Compensation from NIL will not impact student’s athletic scholarship eligibility, the report said.
The working group’s report largely reflects the principles shared with the NCAA by the Knight Commission on Intercollegiate Athletics earlier this month, which outlined the commission’s ideal model for rules around NIL.
“This is the start of a new era for college sports -- one that provides even greater opportunity to college athletes than ever before,” Amy Perko, CEO of the Knight Commission, said in a written statement. “Athletes will learn that with opportunity comes responsibility, bringing yet another important educational experience.”
However, the patchwork of state laws and proposed legislation that gives athletes NIL benefits and circumvents the NCAA rule-making process “remains an additional hurdle” for the guardrails that divisions are now tasked with creating, Perko said. Governor Gavin Newsom of California in September signed into law a bill permitting NIL benefits for college athletes in the state, which will take effect in 2023. A similar Colorado law signed by Governor Jared Polis on March 20 has the same timeline, USA Today reported. A concern about the California law previously expressed by NCAA and congressional leaders was that it does not provide any guardrails.
At least one member of Congress made clear that she was not impressed with the new guidelines.
"The report released today by the NCAA is a public relations document -- not a starting point to improve college sports," U.S. Representative Donna Shalala said in a written statement. "The NCAA has once again demonstrated its ineffectiveness in acting in the best interest of student-athletes. While revenues have skyrocketed, students have continued to lack health insurance, proper safety measures, and real academic assistance. The recommendations proposed by the Board of Governors appear to be more about protecting their bottom line rather than ensuring an equal playing field for college athletics."

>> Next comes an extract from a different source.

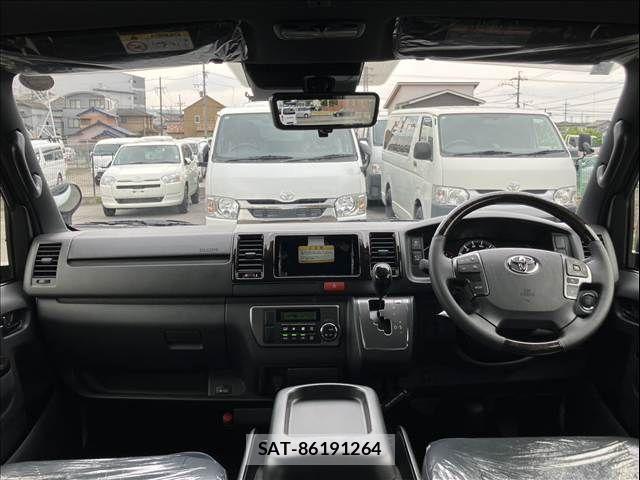 Toyota HIACE VAN 2026-03 7226276-3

Shalala, a Florida Democrat who has been president or chancellor of three different colleges, said the NCAA's actions will allow "unscrupulous agents and boosters" to take advantage of college athletes. She introduced legislation last December to create a congressional commission with a broad mandate to examine the NCAA, McClatchy reported.
Drake emphasized in Wednesday's conference call that a single piece of legislation was needed to set guidelines for NIL benefits in cooperation with the NCAA, rather than individual state laws. NCAA leaders will also continue to work with Congress on “safe harbor” legislation to protect it against antitrust lawsuits related to the NIL rules, NCAA president Mark Emmert said.
“The safe harbor is an effort to make sure when members change rules and policies to support student athletes, they can do so without running enormous legal risk,” Emmert said.
Even though the NCAA’s rule changes would greatly expand NIL rights, any guardrails that prevent the compensation of athletes from some sources make it vulnerable to antitrust law violations, said Audrey Anderson, a lawyer who specializes in athletics department issues and is litigation counsel for the law firm Bass, Berry & Sims.
“Whenever the colleges are agreeing among themselves how athletes will not get paid, they can come under antitrust law,” said Anderson, who is former general counsel for Vanderbilt University.
Anderson said she could see the public taking particular issue with bans on athletes using the trademarked logos of their universities.
“You splash the picture of your star quarterback all over town, but when the star quarterback starts to make money off of that, he can’t use your logo at all,” Anderson said. “I think some people will find that to be unfair … It’ll be interesting to see what the states do, if anything, in reaction to this.”